Politics is a noun; when people in America hear it, they frequently picture some sort of red-white-blue amalgamation, with the NBC logo and some elephants and donkeys thrown into the mix. Politics is not a person and has no face to it – the closest face attached to the word nowadays, however, would probably be that of Donald Trump.
Politics is a being, something to dismiss, something to criticize, something to get excited over, something to blame.
What most people either forget or forget to realize is that politics is also people.
Legislators, lobbyists, governors, mayors, nonprofit founders, business owners, citizen voters make up politics – not Uncle Sam cartoons and Twitter rants.
This past week, I had the opportunity to put a face – actually several – to the word, and be reminded that humans with families and real concerns and opinions, who have succeeded and made mistakes, make up politics. The CAUSE 2019 Leadership Academy cohort traveled to Sacramento for two days to meet with several pivotal members of the California government. As Asian Pacific Americans working in the field of politics, they shared their perspectives on the social future of the country and the unique challenges – as well as advantages – that our community faces in America.
I have always distinctly enjoyed reading biographies, because I love to learn about the unique life stories of others. During our second day in Sacramento, we attended a conference by the API Legislative Caucus, in which several Asian Pacific American legislators stopped by to briefly speak to us about their experiences and answer several questions from the interns.
They talked about their greatest career and personal challenges. The professors and teachers who mentored them. The turning moment in their lives that made them realize they wanted to go into politics. Their favorite sports teams, their childhood hobbies. The members of our government are real people, not simply signatures on bills or digital faces seen on TV or internet articles. They had issues they were more passionate about than others, stories growing up that shaped their current political and personal worldviews, and hopes and dreams for the next generation of API leaders. They had all come to reside in an office in the Sacramento Capitol through very, very different paths.
And they all expressed considerable support for anyone else who wanted to arrive at the same place from other, different routes. I was slightly surprised at the number of Assemblymembers who said something along the lines of, “If you ever need advice or a listening ear or just want to hear more, pop by my office! My door is always open to you.”

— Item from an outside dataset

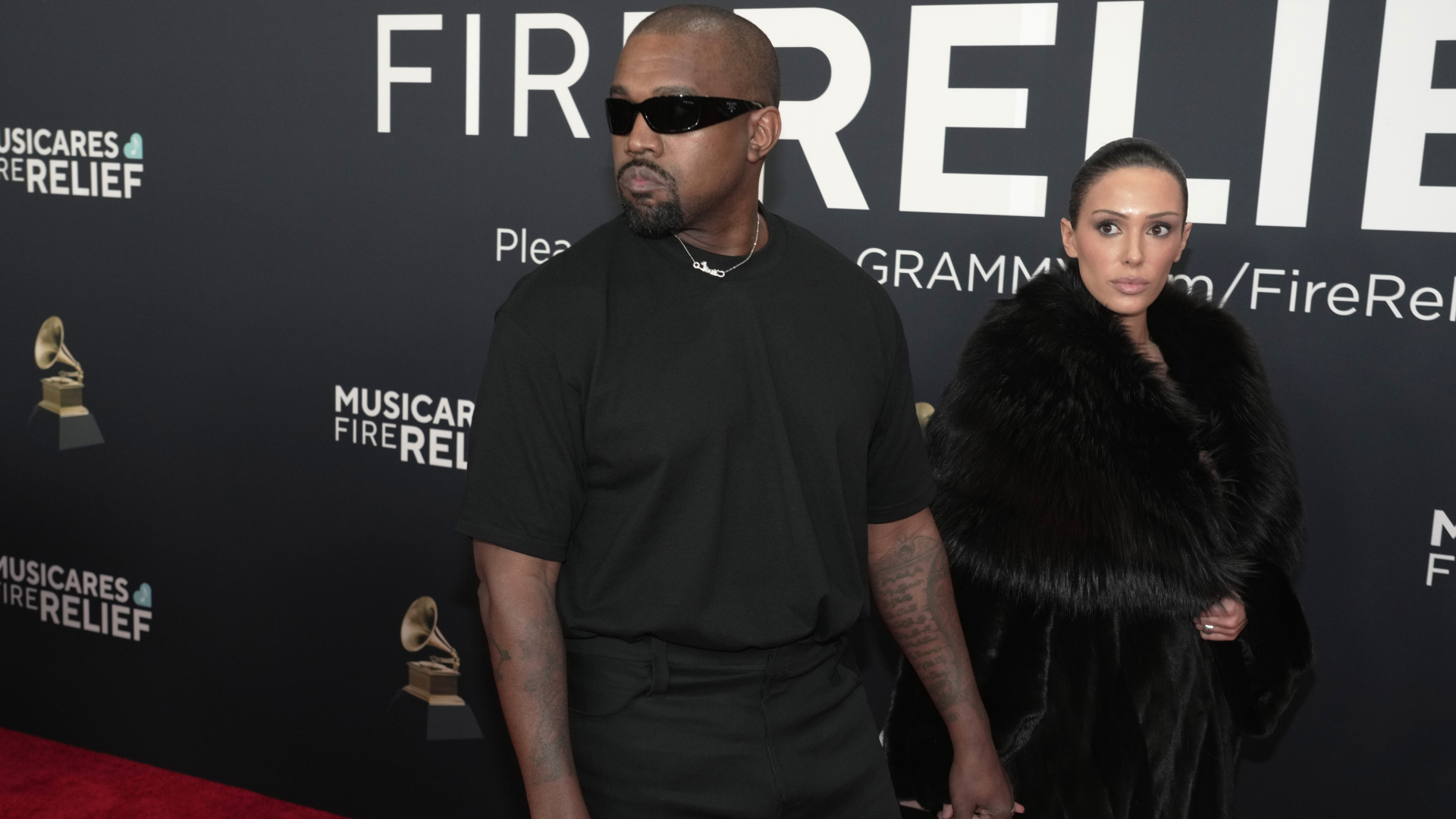 Ye in black sunglasses and Bianca in a fur coat at a MusiCares event.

Although their lives must be inevitably busy, they took the time out of their day to visit 90+ young interns (many of them high school students – what had I been doing in high school?) and welcome them into their offices at any time.
Politics often gets a bad rap. We demonize politicians, reduce them to the caricatures grossly represented in political cartoons. We often disagree with them – I know I did not necessarily stand on the same spot on the political spectrum as most of the people who came to speak with us. But that didn’t matter. At the end of the day, we are humans above politics.
In that legislative caucus room, we were simply members of the same Asian Pacific American communities. We wanted to see more members of our communities representing the United States, advocating for our interests. We were indignant at the prejudices that had shut us out of the world of politics in the past. We were hopeful that we could change this as leaders of the future. We had different ideas about how to get to where we wanted to be, perhaps even different ideas about where we wanted to be. Some of us would continue to strive to reach that in the government, others perhaps in other spheres.
We the People of the United States of America, wanted a better America. And we were prepared to play our roles in achieving it.